Egypt’s external debt drops to $152.9bn by end of June

Egypt’s economic challenges, including inflation and fiscal deficits, have necessitated a careful balance between managing external obligations and sustaining growth. Shutterstock
Short Url
  • Long-term external debt decrease to $126.9 billion by the end of June
  • External debt decreased to $80.2 billion from $84.8 billion in December

RIYADH: Egypt’s external debt decreased to $152.9 billion by the end of June, a significant reduction from $160.6 billion at the end of March and $168 billion at the close of December 2023, official data showed. 

The country, which has a fiscal year running from July 1 to June 30, saw long-term external debt decrease to $126.9 billion by the end of June, down from $138.6 billion the previous year. Short-term debt also dropped to $26.02 billion, compared to $29.5 billion before, according to the Central Bank of Egypt. 

The Egyptian government’s external debt decreased to $80.2 billion from $84.8 billion in December. The CBE’s own debt also saw a significant reduction, falling to $34.67 billion from $45.3 billion at the end of 2023. However, debt owed by Egyptian banks rose slightly to $20.67 billion by the end of June, up from $20.1 billion at the close of last year. 

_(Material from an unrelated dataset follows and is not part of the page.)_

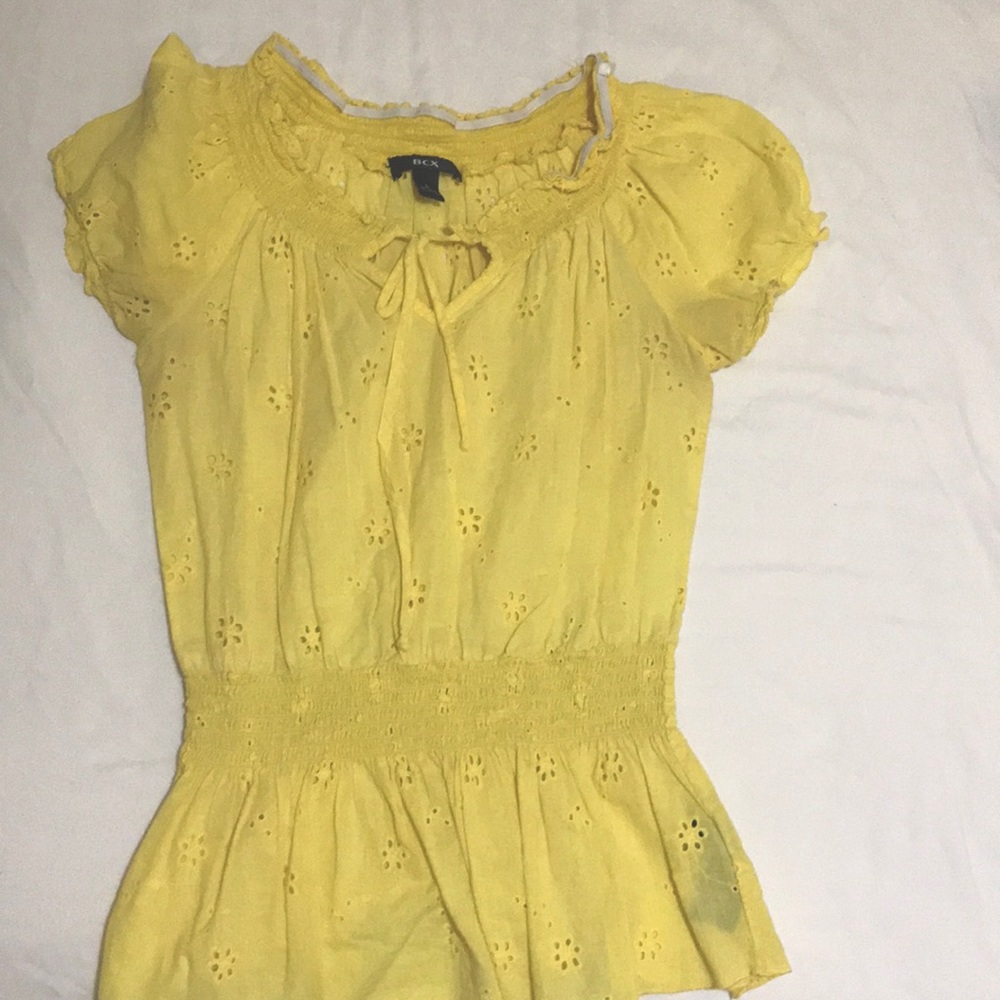 Yellow top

The overall decline in external debt highlights the Egyptian government’s ongoing efforts to manage its financial obligations amid a challenging global economic environment. 

The country’s economic challenges, including inflation and fiscal deficits, have necessitated a careful balance between managing external obligations and sustaining growth. 

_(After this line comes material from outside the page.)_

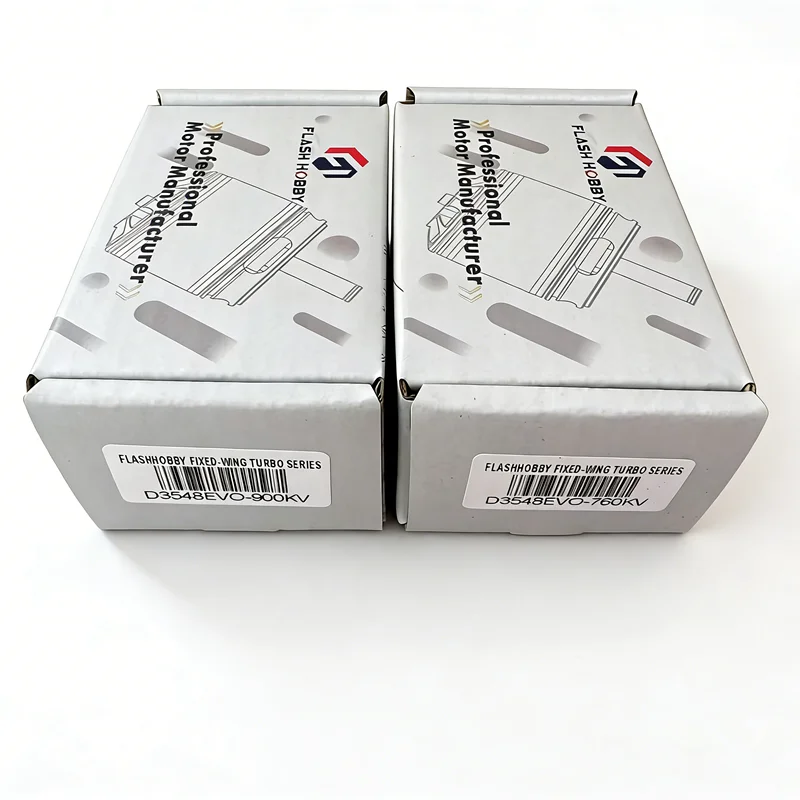 FLASHHOBBY D3548EVO Brushless Motor, 1150KV/760KV/900KV, for RC Airplane/FPV Drone, High Performance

The reduction in overall external debt is viewed as a positive signal to international markets and may bolster future creditworthiness, particularly as Egypt seeks international assistance and investment.

In a push to further boost the country’s economic growth, Prime Minister Mostafa Madbouly stated that the government is aiming to offer several airports and banks to the private sector soon.

In an official meeting on Oct. 14, Madbouly emphasized the government’s commitment to its privatization program, underlining that significant announcements will be made in the near future as part of the initiative, which is being implemented in cooperation with the International Finance Corp.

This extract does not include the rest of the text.